* **Input for this task**
═══
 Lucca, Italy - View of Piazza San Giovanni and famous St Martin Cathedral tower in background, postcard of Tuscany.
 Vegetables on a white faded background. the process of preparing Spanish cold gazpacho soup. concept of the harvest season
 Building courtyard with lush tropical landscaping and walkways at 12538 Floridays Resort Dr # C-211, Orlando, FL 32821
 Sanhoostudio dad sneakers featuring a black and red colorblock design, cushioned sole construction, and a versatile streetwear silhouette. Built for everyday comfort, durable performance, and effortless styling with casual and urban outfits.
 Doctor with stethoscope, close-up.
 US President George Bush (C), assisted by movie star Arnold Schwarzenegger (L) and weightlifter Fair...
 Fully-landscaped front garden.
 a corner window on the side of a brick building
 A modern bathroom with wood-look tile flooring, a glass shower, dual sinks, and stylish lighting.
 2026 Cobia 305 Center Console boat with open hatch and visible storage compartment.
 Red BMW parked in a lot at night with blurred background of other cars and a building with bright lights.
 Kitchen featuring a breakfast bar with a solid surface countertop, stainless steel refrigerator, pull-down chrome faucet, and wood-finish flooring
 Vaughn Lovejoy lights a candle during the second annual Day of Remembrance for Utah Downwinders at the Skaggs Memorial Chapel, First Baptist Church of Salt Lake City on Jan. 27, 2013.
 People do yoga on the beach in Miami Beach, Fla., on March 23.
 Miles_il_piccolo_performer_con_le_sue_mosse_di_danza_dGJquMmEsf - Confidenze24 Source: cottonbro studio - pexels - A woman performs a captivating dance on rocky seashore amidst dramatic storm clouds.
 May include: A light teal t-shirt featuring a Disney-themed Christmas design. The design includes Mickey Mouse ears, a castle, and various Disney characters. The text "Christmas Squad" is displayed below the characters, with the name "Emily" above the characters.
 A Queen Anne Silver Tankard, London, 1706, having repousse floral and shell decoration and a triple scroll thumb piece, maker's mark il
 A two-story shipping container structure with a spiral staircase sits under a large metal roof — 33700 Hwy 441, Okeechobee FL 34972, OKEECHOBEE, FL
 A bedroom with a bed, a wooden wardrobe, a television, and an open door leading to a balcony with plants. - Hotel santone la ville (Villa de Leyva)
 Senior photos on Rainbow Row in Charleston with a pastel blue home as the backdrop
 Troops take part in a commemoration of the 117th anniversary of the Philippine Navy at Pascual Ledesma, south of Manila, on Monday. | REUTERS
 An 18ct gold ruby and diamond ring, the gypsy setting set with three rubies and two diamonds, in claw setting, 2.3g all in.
═══
* **Task**
Bring together every line in the entries that holds the string "lights".

* **Answer to this task**
 Red BMW parked in a lot at night with blurred background of other cars and a building with bright lights.
 Vaughn Lovejoy lights a candle during the second annual Day of Remembrance for Utah Downwinders at the Skaggs Memorial Chapel, First Baptist Church of Salt Lake City on Jan. 27, 2013.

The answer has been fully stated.